Hamilton levou 195 GPs para chegar a 65 poles. Senna atingiu essa marca na sua 162ª classificação. O recordista é Schumacher, com 68. Lewis, em pouco tempo, vai se tornar o maior poleman da história, mas que ninguém espere lágrimas quando o fizer. Michael nunca foi seu ídolo, e superar o alemão será apenas consequência do momento que ele e sua equipe vivem. Acho que nunca mais veremos o inglês emocionado como hoje. Foi o ápice de sua trajetória, quando colocada em paralelo com a de Senna.

Se pudesse, Hamilton correria com o capacete do brasileiro amanhã. Não será possível por várias razões. Segurança, entre elas. Capacete tem prazo de validade de cinco anos e o que ele ganhou foi fabricado há três décadas. Também não pode mais propaganda de cigarro na TV — e a marca Camel ainda existe.

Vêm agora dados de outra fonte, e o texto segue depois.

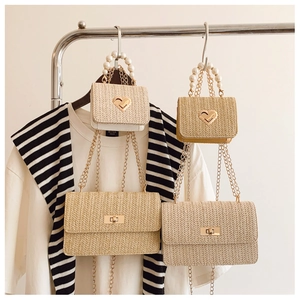 Straw woven bags featuring pearl handle and metal chain in a boutique display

Além do mais, a Mercedes não iria curtir uma testeira com Honda na viseira de seu principal piloto.

Mas ele bem que gostaria. “Esse capacete é mais importante do que todos meus troféus”, falou Lewis. “Nunca tive nenhum objeto que tenha pertencido a ele. Ganhar esse presente de sua família é uma grande honra. Ayrton é o cara que eu queria ser desde criança. Eu me lembro de ver os VTs de suas corridas quando chegava da escola. Imaginar que estou aqui hoje com o mesmo número de poles que ele é algo inacreditável, é até estranho. Eu realmente não poderia estar mais feliz.”

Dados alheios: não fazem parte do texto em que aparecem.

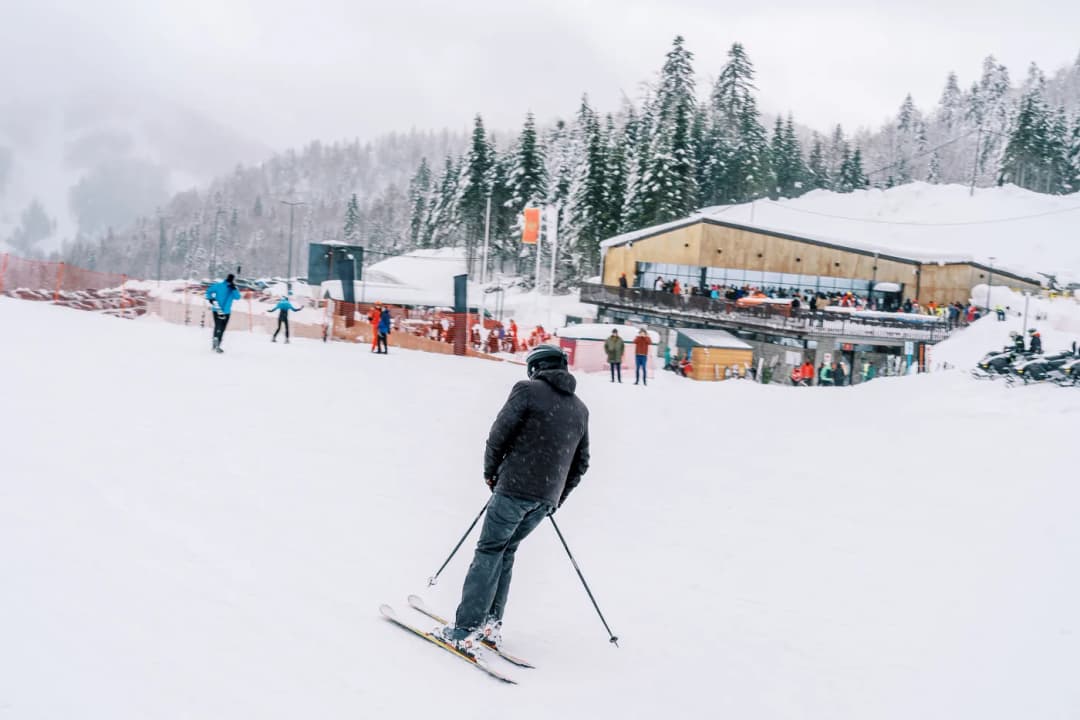 Skiers spread across a groomed piste in front of a timber resort lodge under falling snow.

No fim das contas, foi isso o sábado de Montreal: Senna e Hamilton, Hamilton e Senna. Preciso contar o que aconteceu na pista? OK, conto rapidinho, para quem não viu. No Q1, Bottas foi o mais rápido, com Lewis em segundo. Foram eliminados Não Doorme, Strollpício,  Magnólia Arrependida, Sonyericsson e Wê Lá, Hein?, tudo muito normal. No Q2, os pilotos da Mercedes trocaram de posição, Lewis na frente, Sapattos em segundo, e a degola ceifou K-Vyado, El Fodón de Las Américas, Sainz Idade, Grojã e Palmolive.

Ao Q3 foram as duplas de Mercedes, Red Bull, Ferrari, Force India, uma Williams e uma Renault. Comandante Amilton terá ao seu lado na primeira fila Tião Italiano, que ficou 0s330 atrás do tempo da pole — um distância abissal, considerando a pequena extensão da pista canadense. Bottas e Raikkonen dividem a segunda fila. O resto ficou bem distante: Verstappinho, Ricardão, Massacrado, Maria do Bairro, L’Ocon e Hulk fecharam a lista dos dez primeiros.

Hamilton costuma andar bem em Montreal. Ganhou cinco vezes no lindo circuito insular, em 2007/10/12/15/16. Desconfio que vai ganhar de novo. Depois de passar uma noite tranquila, abraçado ao capacete do cara que sempre quis ser.